This application claims the benefit of U.S. Provisional Application
No. 60/003,265 filed Aug. 11, 1995.
Claims
We claim:
1. In a carpet extractor having a multiplicity of adjacent scrub
brushes, each said scrub brush configured as a spur gear wherein
the gear teeth of each said scrub brush drivingly intermesh with
the gear teeth of adjacent said scrub brushes and each said scrub
brush has an array of brush bristles extending axially away from
one side of said scrub brush for engagement with a surface to be
cleaned, wherein the improvement comprises:
each of said gear teeth includes a first portion and a second
portion, the outer periphery of said first portion defining a gear
tooth volute surface and the second portion comprising an axially
extending bristle retaining protrusion, said bristle retaining
protrusion configured such that its perimeter lies wholly within
the outer periphery of said first portion.
2. In a carpet extractor according to claim 1, further comprising a
plurality of groups of bristles, each of said groups of bristles
extending down from an associated one of said gear teeth for
engagement with a surface to be cleaned.
3. In a carpet extractor according to claim 2, wherein each said
group of bristles is located a distance radially outward from a
center of an associated one of said brushes, said distance being
sufficient that when a said gear tooth is fully engaged with said
gear teeth to an adjacent said brush, a said group of bristles on
said fully engaged gear tooth is located substantially between
adjacent said groups of bristles on said adjacent brush.
4. In a carpet extractor according to claim 3, wherein there are at
least two said scrub brushes and said brushes have a vertical axis
of rotation.
5. In a carpet extractor according to claim 4, wherein there are
five said scrub brushes.
6. A scrub brush arrangement for a carpet extractor, wherein said
brush arrangement comprises:
a plurality of vertical axis brushes;
each said brush includes gear teeth extending peripherally around
said brush, said brushes being arranged immediately adjacent to one
another, such that said gear teeth on each said brush drivingly
engage said gear teeth of each adjacent said brush; and
each said gear tooth has a group of bristles extending axially from
said gear tooth for engagement with a surface being cleaned;
and
wherein each said group of bristles is located a distance radially
outward from said vertical axis of an associated one of said
brushes, said distance being large enough that when said gear teeth
of each said brush engage said gear teeth on adjacent said brushes,
said groups of bristles on each said brush move between adjacent
pairs of bristles on said adjacent brushes.

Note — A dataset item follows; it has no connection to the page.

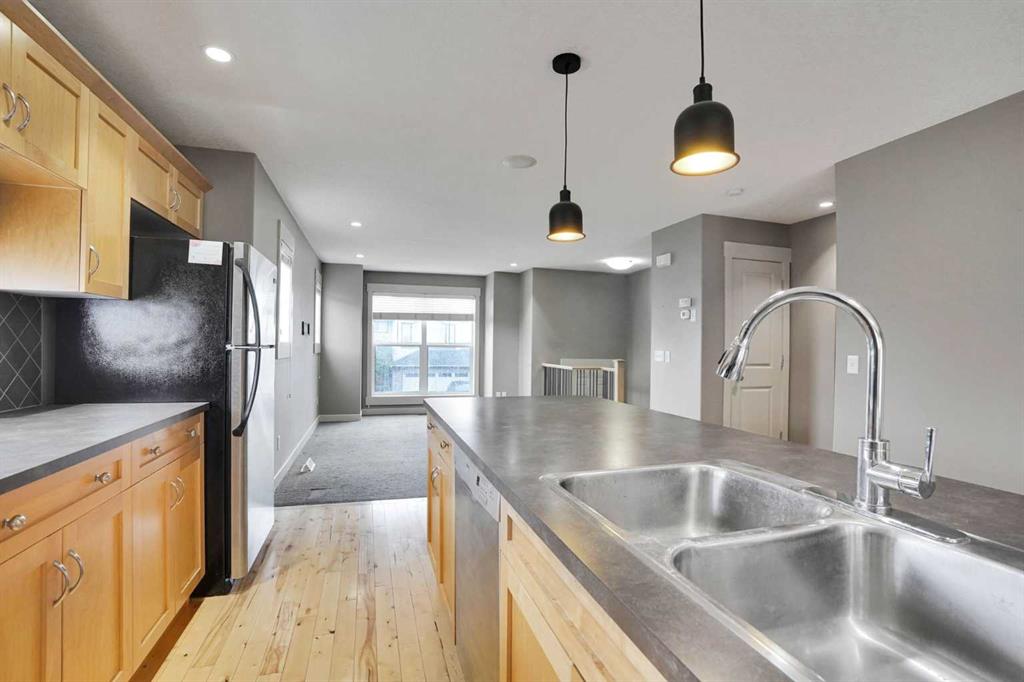 Picture of 124 Lavender Link , Chestermere Real Estate Listing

7. A scrub brush arrangement for a carpet extractor, wherein said
brush arrangement comprises:
a plurality of vertical axis brushes;
each said brush includes gear teeth extending peripherally around
said brush, said brushes being arranged immediately adjacent to one
another, such that said gear teeth on each said brush drivingly
engage said gear teeth of each adjacent said brush; and
each said gear tooth has a group of bristles extending axially from
said gear tooth for engagement with a surface being cleaned;
and
wherein each said group of bristles is located a distance radially
outward from said vertical axis of an associated one of said
brushes, said distance being sufficient that when a said gear tooth
is fully engaged with said gear teeth of an adjacent said brush, a
said group of bristles on said fully engaged gear tooth is located
substantially between adjacent said groups of bristles on said
adjacent brush.
Description
BACKGROUND OF THE INVENTION
The present invention relates to a carpet extractor and more
particularly to a floating powered brush assembly for use with an
upright extractor (of the type taught in co-owned U.S. Pat. No.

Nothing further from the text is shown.